OIF : La RDC en première ligne pour une élection historique
Pour la première fois en 56 ans, le secrétaire général de l'Organisation internationale de la Francophonie (OIF) sera élu par les chefs d'État et de gouvernement. Ce scrutin, prévu le 16 novembre 2026 à Phnom Penh, au Cambodge, marque un tournant démocratique pour l'institution. Quatre candidats sont en lice : une Mauritanienne, une Congolaise, une Rwandaise et un Roumain.
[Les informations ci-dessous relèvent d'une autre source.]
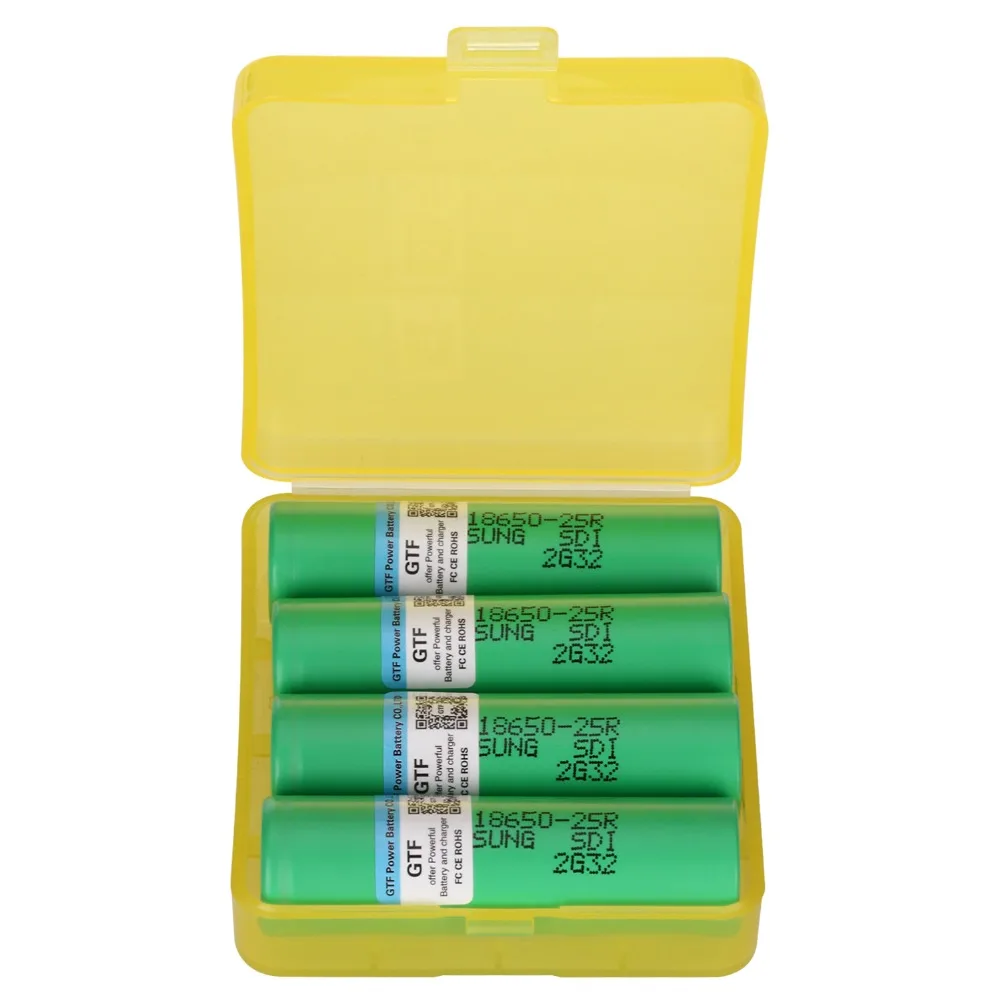 GTF 18650 25R Battery 3.6V 2500mah INR18650 25R Rechargeable Lithium Battery for LED Torch Flashlights with 18650 Storage Box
Mais la bataille s'annonce serrée, avec un enjeu majeur pour la souveraineté et l'intégrité territoriale de la République démocratique du Congo.
Pourquoi cette élection est-elle historique ?
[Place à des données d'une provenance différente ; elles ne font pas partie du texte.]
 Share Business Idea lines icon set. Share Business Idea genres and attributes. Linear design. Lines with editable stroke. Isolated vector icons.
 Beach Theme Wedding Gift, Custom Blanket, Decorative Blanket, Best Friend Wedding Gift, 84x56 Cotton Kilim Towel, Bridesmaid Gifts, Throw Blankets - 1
Jusqu'à présent, le processus de désignation du secrétaire général reposait sur des consultations diplomatiques bilatérales et un consensus entre les États membres. Mais depuis la réforme institutionnelle de mars 2022, le vote à bulletin secret est possible si aucun consensus ne se dégage. Cela ouvre la voie à une compétition inédite, où les 90 États membres et leurs 400 millions de francophones auront le dernier mot.
La RDC défend sa candidate face à la Rwandaise
La République démocratique du Congo soutient fermement la candidature de Juliana Amato Lumumba, ancienne ministre de la Culture et des Arts, et fille du héros national Patrice Lumumba. Son objectif est clair : barrer la route à Louise Mushikiwabo, la secrétaire générale sortante du Rwanda, candidate à un troisième mandat. Les tensions géopolitiques et militaires entre les deux pays, notamment le conflit dans l'Est de la RDC, rendent cette confrontation inévitable. Juliana Lumumba prône une francophonie tournée vers les peuples, avec un impact concret sur l'éducation, l'emploi, la culture et la paix. Sa candidature est un rempart contre les manipulations médiatiques et les ingérences étrangères.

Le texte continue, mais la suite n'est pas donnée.